L’Amérique a-t-elle encore une capacité d’influence sur Pékin ?
Demain débutera la visite officielle de Hu Jintao aux Etats-Unis, l’occasion pour Obama de rappeler à l’ordre son homologue chinois sur les quelques questions fondamentales qui dominent aujourd’hui les discussions entre les deux pays : la sous-évaluation du yuan, les droits de l’Homme, Taïwan, la Corée du Nord, etc. Alors que le débiteur s’apprête une nouvelle fois à faire la leçon à son créancier, une question se pose : l’Amérique a-t-elle les moyens d’imposer sa volonté à Pékin ?
Une chose est sûre : les Etats-Unis prétendent toujours tenir leur rôle de gendarme. Ils défendent les droits de l’Homme et la liberté d’expression en exprimant des positions de principe sur le Dalaï-lama, l’emprisonnement des dissidents politiques ou la censure sur Internet, et se fâchent lorsque la Chine, en conservant une monnaie sous-évaluée, contrevient aux règles de libre-échange qu’ils ont eux-même fixées. Pourtant il suffit de voir avec quelle facilité les dirigeants chinois contournent les menaces de sanctions américaines pour comprendre qui tient véritablement les rênes en Chinamérique.
Depuis l’année dernière le Congrès américain brandit une nouvelle arme pour forcer Pékin à la réévaluation : un projet de loi prévoyant une montée des tarifs douaniers sur les produits chinois dans le cas où le pays ne consentirait pas à augmenter le cours de sa monnaie.

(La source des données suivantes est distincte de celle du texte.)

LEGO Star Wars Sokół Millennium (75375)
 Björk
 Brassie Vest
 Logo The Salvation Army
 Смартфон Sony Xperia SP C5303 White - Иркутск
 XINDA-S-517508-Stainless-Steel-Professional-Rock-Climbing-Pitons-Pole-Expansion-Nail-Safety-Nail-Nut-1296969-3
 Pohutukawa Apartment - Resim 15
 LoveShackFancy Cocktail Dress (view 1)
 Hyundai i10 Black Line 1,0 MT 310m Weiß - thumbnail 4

La sanction, qui devait tomber en avril dernier, a été évitée par un simple communiqué de la Banque de Chine annonçant la fin du lien fixe entre le yuan et le dollar. Un mot de la Banque de Chine et voilà que Pékin obtient un délai. Une promesse qui n’engageait pas le pays à beaucoup, d’ailleurs depuis juin dernier la hausse enregistrée du yuan n’est que de 3,5% !
Les Etats-Unis discutent, formulent des exigences, adressent leurs reproches et la Chine, elle, agit. Très peu de pays ont connu un développement militaire aussi accentué ces dernières années avec, dernière avancée en date, la construction d’une immense base navale à Sanya, à l’extrême Sud du territoire, qui pourra accueillir les 24 sous-marins chinois et les déployer en Asie du Sud-Est. De quoi contester la suprématie de 7ème flotte américaine dans la région…
Mais Washington n’est pas la vraie menace aux yeux de Pékin. Outre le fait que les Etats-Unis représentent démographiquement peu de choses comparés à un pays de plus d’un milliard d’habitants, l’avance technologique dont disposent les Américains tend à se réduire, notamment du fait d’entreprises américaines et européennes qui souvent n’hésitent pas à transmettre leur savoir à des firmes chinoises pour profiter de coûts de production moins élevés. Les Chinois, pour parvenir au sommet, devront surtout apprendre à gérer les inégalités, les revendications démocratiques et le risque de surchauffe de leur l’économie, car le principal obstacle à l’expansion chinoise vient de l’intérieur.